Architecture of the First Bulgarian Kingdom
The first Bulgarian capital Pliska was situated approximately 25 kilometers from the nowadays city of Shumen. Its security system consists of three concentric belts: land rampart, stone keep wall and inner brick wall. The land rampart outlines the so called outer city with a size of about 25 hectares. Until nowadays more than 30 buildings are discovered. Close to the outer city was discovered a monastery, in which is the biggest church building – The Great Basilisk. The temple is with size 99/29, 50 meters. Its plan scheme is from a classical three-shipped basilisk. There is also an atrium sized almost as the size of the naos, with colonnades on the long sides. The narthex is three typed, narrow, embracing the whole size of the temple. Its partitions meet the necessities of the Byzantine churchyard ritual. It is separated on two rows of columns in three parts.
The altar is from three parts, with three absides. Most probably towers were rising over the protesis and dyakonikon. The sizes and the elements of the plan-scheme both make the temple a classical example for early medieval basilisk-typed church. Some of the explorers say that, it was one of the seven fair churches, risen according to the chronicles form kniaz Boris I, after claiming the Christianity an official religion in 865 year. The stone wall encloses “the inner city”. Inside were placed the throne hall, the place’s church and rich houses. The brick wall forms a rectangle yard where the palaces of the Bulgarian rulers are situated. The big castle is with size 56/26, 50 meters, in rectangle-kind and built over a significantly bigger and older building(the so-called castle of Khan Krum). The fragments found from columns, capital and other architectural and decorative details allow us to conclude, that the building was monumental and richly decorated. The little palace was used form the khan and his family.
Veliki Preslav
The second capital of the First Bulgarian Kingdom is situated next to river Ticha, where during the time of khan Omurtag was built a castle and a keep. It was established during the time of tzar Simeon (893 – 927) when Bulgaria is in its ascend in political and cultural way. The keep of Preslav, similarly to Pliska consists of inner and outer defence system. The inner keep is located almost in the center of the Outer city. Its firm is G-sized, with round towers in the corners and square towers on the walls. The castles were built over a high plateau. There are impressive remains from castle complex, consisting of two monumental buildings: Big castle built by solid stone blocks and Western castle.
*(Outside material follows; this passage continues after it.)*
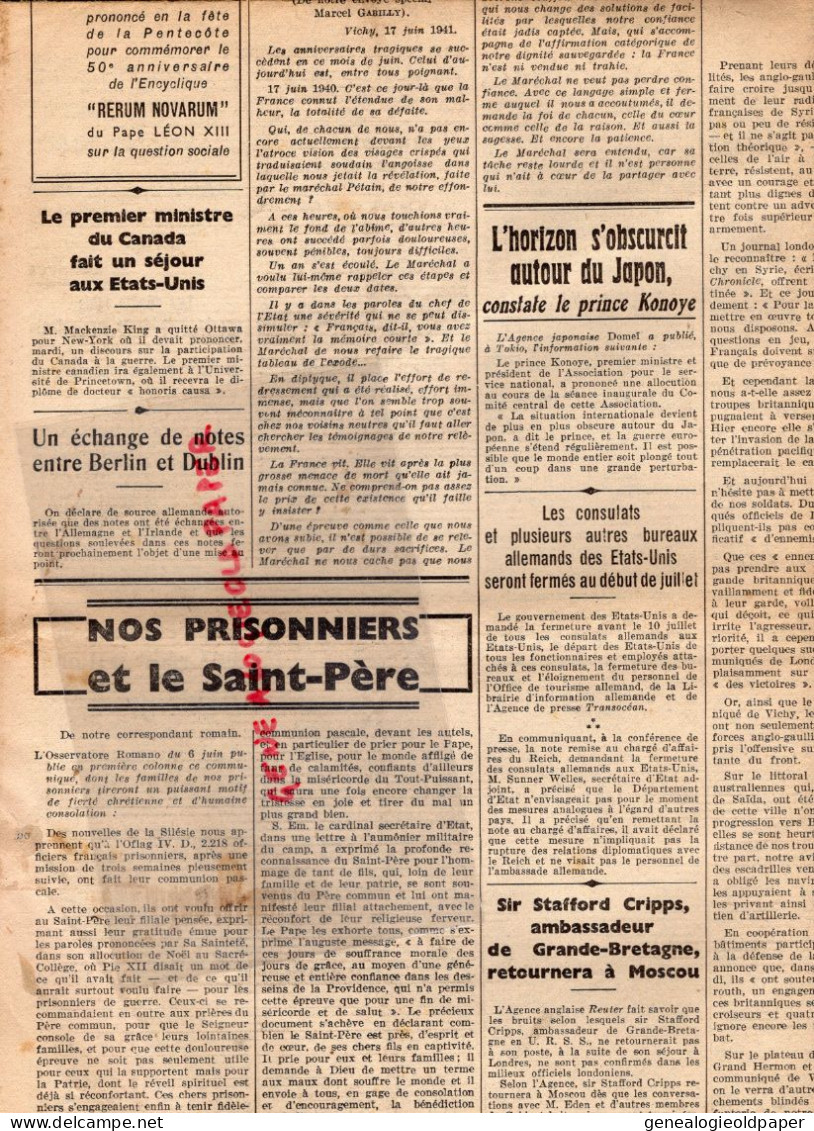 LIMOGES-GUERRE 1939-45- WW2-LA CROIX-18 JUIN 1941-PETAINCARDINAL GERLIER ESPAGNE-VICHY-PIE XII FETE PENTECOTE-BOUDINHON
The throne hall was three-shipped and had also three parts. The remains confirm the description of Ioan Ekzarh, which speaks for the rich architecture of the castles. “The golden church” was a marvelous monument, unique by its kind, of the church architecture of the First Bulgarian Kingdom situated on a high terrace next to the castles of Veliki Preslav. The plan scheme shows us a central rotunda, rectangle narthex with two round towers and wide atrium, surrounded by columns. The rotunda with diameter 10, 50 meters have deep, semi-round absida. The pulpit is in the center of the building, just under the dome. The walls are deferred from 12 semi-half fibres, in front of which 12 monolith marble columns are rising. The extraordinary scheme, the free combination of the inner and outer walls, the consequence in grouping the elements and the art of painting reveal the ascend of the Bulgarian architecture from the “golden ages”. According to the chronicles two of the seven cathedral temples, which tzar Boris I ordered to be built after the official conversion of the country, were in the western Bulgarian lands. There we suggestions that these are the temples “St.Achiles” on the Prespansko lake and
“St.Sofia” in Ohrid. Both monuments have a life of decades and can be counted to the architecture of The First and The Second Bulgarian Kingdoms. The church devoted to St.Achiles is built on an island in the lake and reminds of the big basilisks from 5th and 6th centuries, with their plan scheme and stylistics. Its size is 48/23 meters, three-shipped with longitudinally spread narthex. The middle ship is almost two times wider than the rear ones separated with massive columns from them. The central absidys is ending of the middle ship and the protesis and diaconicon are formed as separate dome rooms with absidys, connected with the bema with holes on the walls. The cover of the other parts was wooden. Indefinitely and disputable is the dating of the fairy church of Ohrid “St.Sofia”. There are three main periods in its building. The last researches and restoration works reveal three-shipped basilisk with three absidys, the middle ones with overarched, cross bare, inner narthex and second, similar ekzonarthex, flanked by two towers, which end in superb way the western facade. The columns which separate the three ships are unevenly remoted which prompts us the existence of cross ship and a dome over the central field. The period of the first kingdom is characteristic with the building of great number of monasteries. It ends at 1018 year when The Western Bulgarian Kingdom falls under the Byzantines. The time of the Byzantine dominion gives to the Bulgarian architectural inheritance one of the biggest monasteries – Bachkovski – with the saved form this period church-tomb, the church in the monastery in Zemen, churches and chapels next to the nowadays city of Asenovgrad, but does not change the already outlined course of the Bulgarian architectural development.